If you use a computer for more than checking email and facebook, you've got an issue: files. Files include everything from notes to photos to your school thesis. Some of these wouldn't bother you too much if they disappeared. Others would probably break your heart. Maybe your digital photos of your sisters wedding. Maybe your much-anticipated memoirs.

Regardless, you've got one of two problems. Either you've not thought about this before, and are in danger of losing everything, and suffering massive heartache in the process, or you're scurrying around, constantly worried about whether you've got things sufficiently protected and backed up. Part of your soul is tied to the whims of your computer.

That isn't right.

Dropbox can cure you. Dropbox can unchain your soul. Here's how to use dropbox to cut yourself lose, so you can float free into the ether.

Step 0 - Sign up

Think of Dropbox as a virtual flash drive (thumb drive, USB stick, whatever). It holds your files, and it lives in the sky, so you can access it at any time. The best thing is, you don't have to carry it in your pocket.

The zeroth step should go without saying, but you have to sign up and activate it. Feel free to use this link to signup. I get extra space, and so do you. Or if you want signup without me getting anything, just go to

Step 1 - Your life on Dropbox

At this point, you need to get your active files into Dropbox. If you write, move your writings there. If you have projects, move the active project folders into it. This will accomplish three amazing things:

  • Backup (all your work is backed up on their server)
  • Versioning (all the changes you make are preserved for 30 days, so if you mess up, you can undo)
  • Universal access (we'll talk about this more below, but the main thing is that anywhere you have web access, you can access your files)

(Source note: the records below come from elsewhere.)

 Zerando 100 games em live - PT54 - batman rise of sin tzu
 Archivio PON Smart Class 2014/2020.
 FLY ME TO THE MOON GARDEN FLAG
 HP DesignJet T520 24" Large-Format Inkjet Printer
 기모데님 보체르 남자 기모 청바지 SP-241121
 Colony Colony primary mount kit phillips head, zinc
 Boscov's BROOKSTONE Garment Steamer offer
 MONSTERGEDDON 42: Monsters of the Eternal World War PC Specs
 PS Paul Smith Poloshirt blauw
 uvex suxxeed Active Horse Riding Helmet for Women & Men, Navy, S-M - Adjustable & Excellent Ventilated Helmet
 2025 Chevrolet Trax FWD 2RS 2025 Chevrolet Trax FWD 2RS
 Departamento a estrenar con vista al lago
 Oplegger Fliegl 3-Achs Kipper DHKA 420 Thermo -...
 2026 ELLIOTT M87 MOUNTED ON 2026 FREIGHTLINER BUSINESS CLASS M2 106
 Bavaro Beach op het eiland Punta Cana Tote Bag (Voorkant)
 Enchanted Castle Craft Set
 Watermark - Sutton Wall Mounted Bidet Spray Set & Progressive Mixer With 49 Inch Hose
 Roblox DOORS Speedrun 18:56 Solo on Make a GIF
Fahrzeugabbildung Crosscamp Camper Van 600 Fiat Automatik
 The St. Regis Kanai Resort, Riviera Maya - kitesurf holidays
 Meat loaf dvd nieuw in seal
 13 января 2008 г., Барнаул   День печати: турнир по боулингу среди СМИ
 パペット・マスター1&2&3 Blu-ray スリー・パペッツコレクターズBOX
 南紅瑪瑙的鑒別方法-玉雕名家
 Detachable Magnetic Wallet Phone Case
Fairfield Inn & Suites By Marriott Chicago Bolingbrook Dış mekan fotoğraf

For me, I just wanted to move everything I had into it. That's the easiest and best way. But if you need to keep things in certain locations, and still have Dropbox take care of them, you can. I'll cover that later.

For now, get as much as you can onto Dropbox.

Step 2 - Make it part of the way you work

The next step is to place shortcuts or aliases to Dropbox wherever you frequently place files - your desktop, the dock, whatever. This way when you're dropping a file somewhere, you can drop it onto a Dropbox shortcut instead, and start making this into a positive habit.

On my Desktop, I just like to have a large Dropbox icon, reminding me that everything goes there.

Step 3 - Universal access

Now you're going to get universal access to your files. If you have multiple computers (work and home, for example), just install Dropbox on each one, and sign in with the credentials you used above. All the files in Dropbox will sync between these computers, and be available regardless of whether you're online or offline.

If you have a smartphone, you'll want access there as well. Fortunately, there are apps for iPhone, iPad, Blackberry, and Android.

For everything else, Dropbox has a great web interface that allows you to do pretty much everything you would do on your normal computer.


This should get you started moving your digital life into "the cloud", and untethering your soul in the process. Even if you're not into drastic changes, this is one that will grow on you. The less you worry about your files, the less you have to think about where they are and whether or not you've got a copy of a certain picture on your phone, the less you have to think about your computer, period, the freer you will be.